━━━━━ Supplied material ━━━━━

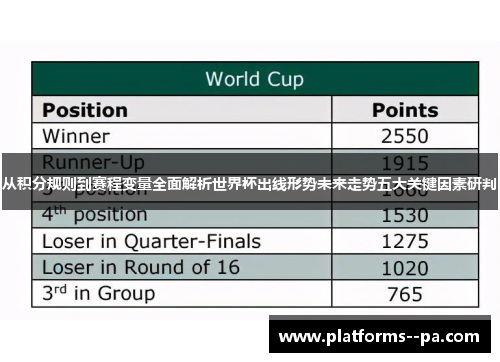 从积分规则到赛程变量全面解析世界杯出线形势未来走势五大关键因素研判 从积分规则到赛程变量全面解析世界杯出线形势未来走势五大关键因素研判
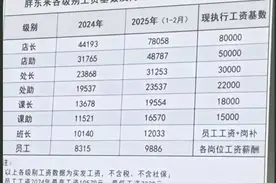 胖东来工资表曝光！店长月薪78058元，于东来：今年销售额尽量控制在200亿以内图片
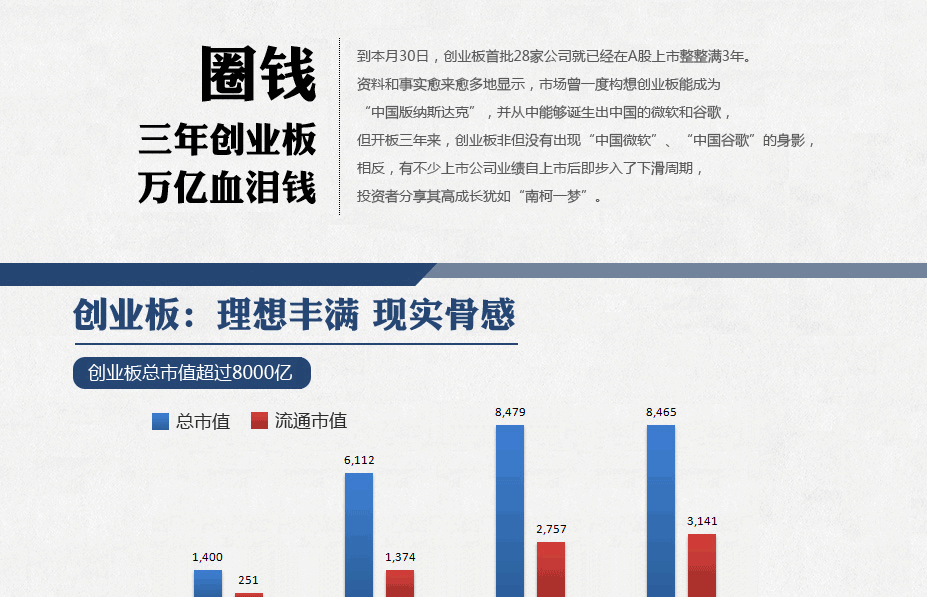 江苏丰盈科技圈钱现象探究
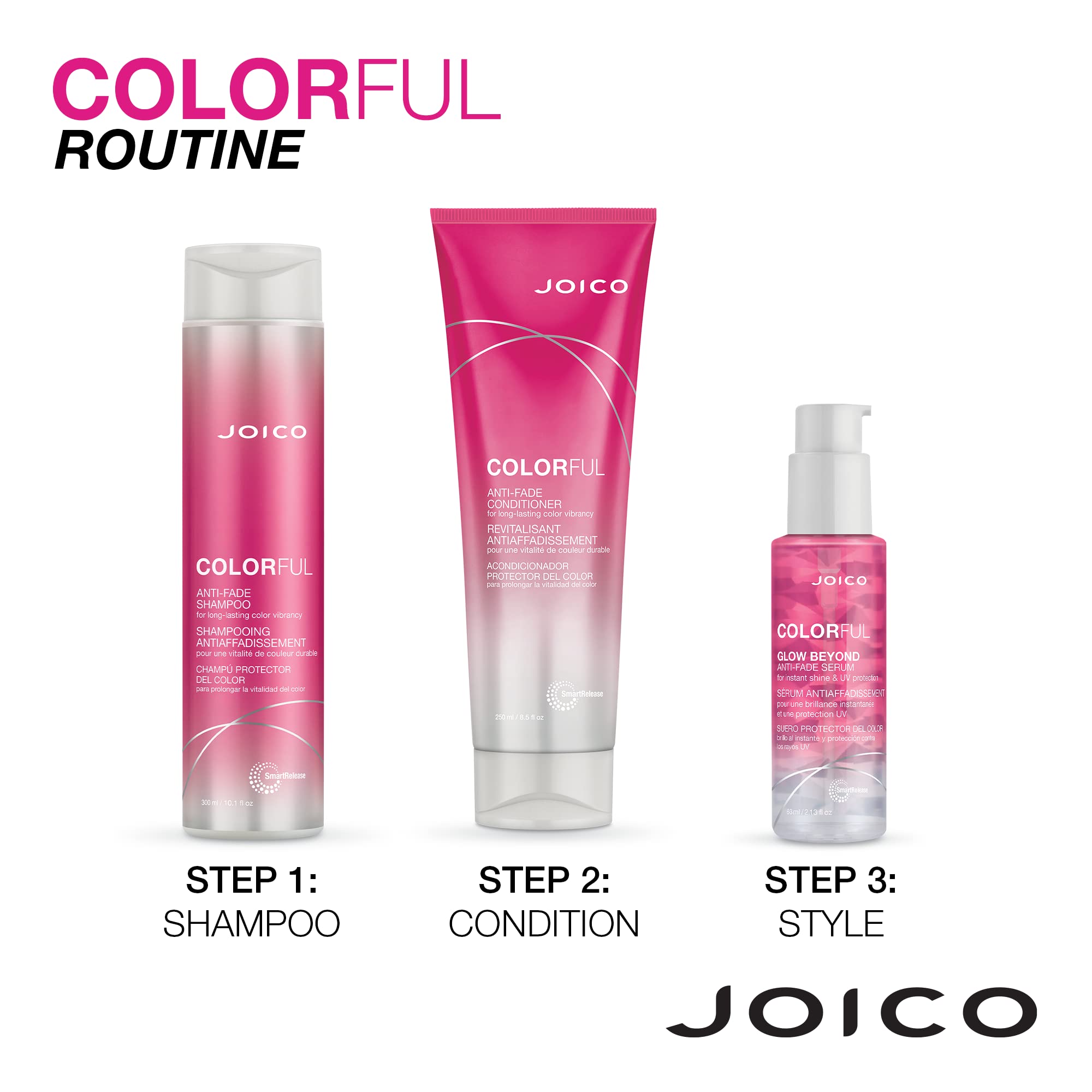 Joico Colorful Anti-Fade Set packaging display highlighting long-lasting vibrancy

━━━━━
━━━━━ Supplied material ━━━━━

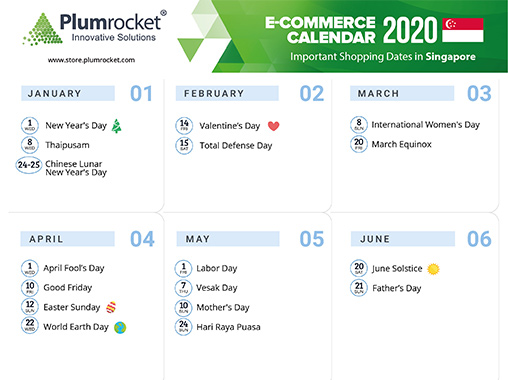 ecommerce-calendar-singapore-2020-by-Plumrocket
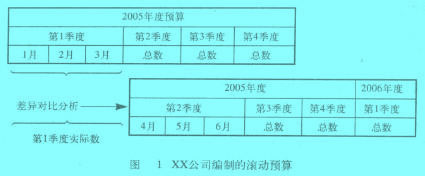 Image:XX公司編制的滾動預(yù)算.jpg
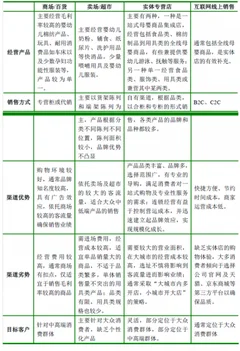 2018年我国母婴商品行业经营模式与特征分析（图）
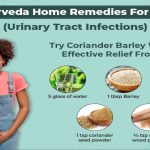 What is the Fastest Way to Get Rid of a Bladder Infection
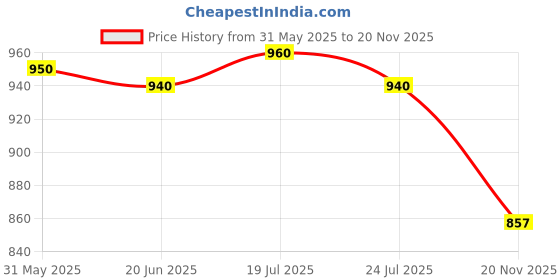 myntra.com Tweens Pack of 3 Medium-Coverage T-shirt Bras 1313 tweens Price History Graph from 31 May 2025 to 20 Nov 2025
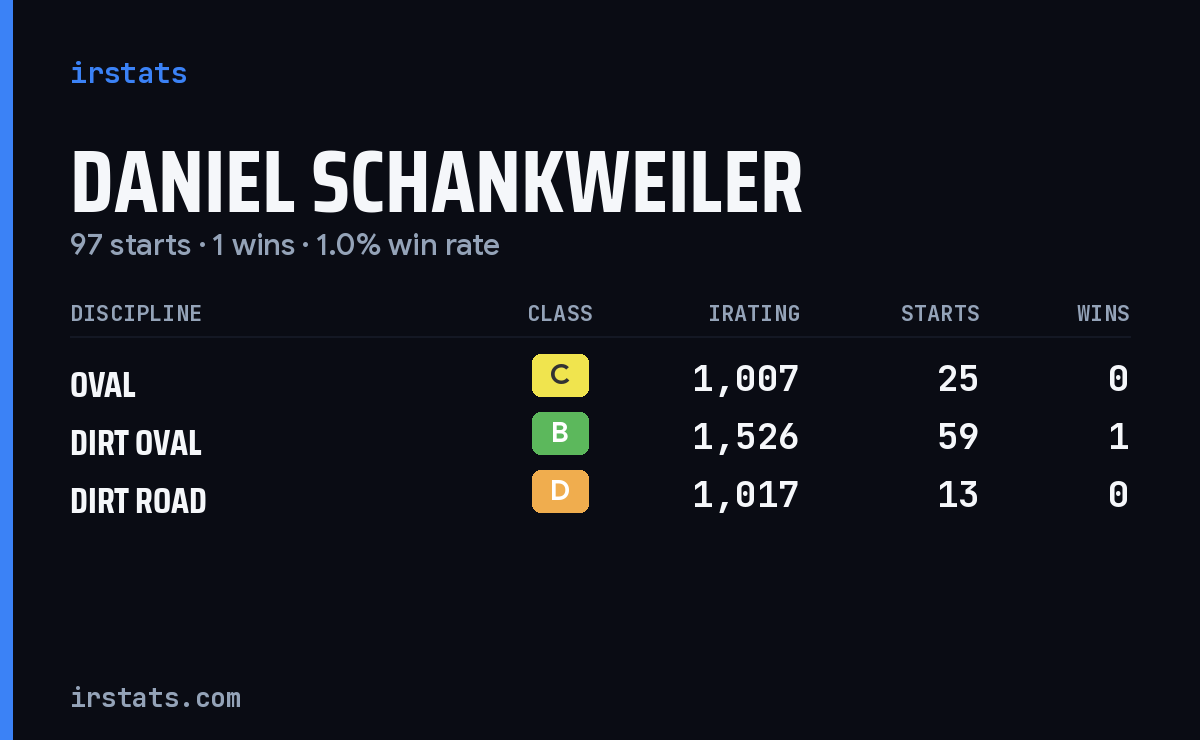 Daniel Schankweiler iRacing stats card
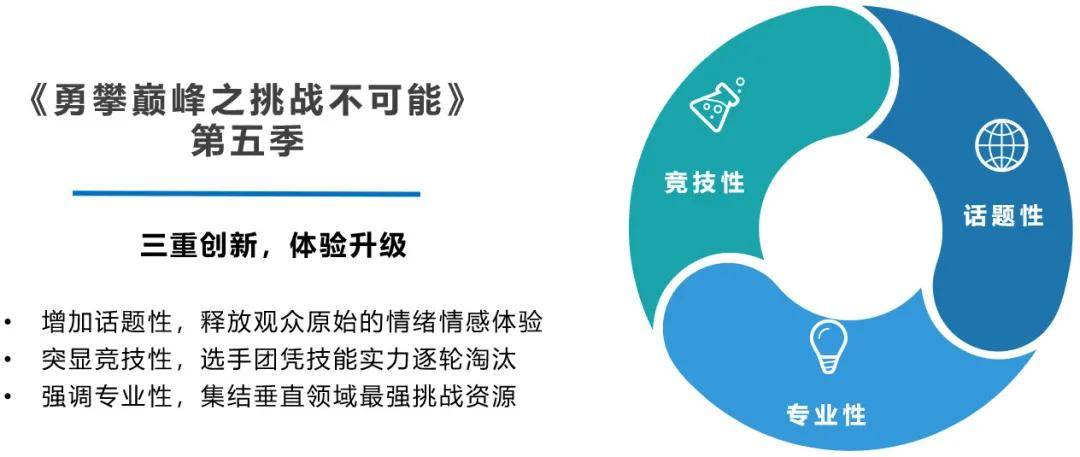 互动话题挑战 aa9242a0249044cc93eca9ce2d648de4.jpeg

━━━━━

## What is being asked
Both the line containing "2018年我国母婴商品行业经营模式与特征分析（图）" and the line containing "互动话题挑战 aa9242a" above belong in the output, as do the lines between them. Print them exactly, without pictures.

## Written response
 2018年我国母婴商品行业经营模式与特征分析（图）
 What is the Fastest Way to Get Rid of a Bladder Infection
 myntra.com Tweens Pack of 3 Medium-Coverage T-shirt Bras 1313 tweens Price History Graph from 31 May 2025 to 20 Nov 2025
 Daniel Schankweiler iRacing stats card
 互动话题挑战 aa9242a0249044cc93eca9ce2d648de4.jpeg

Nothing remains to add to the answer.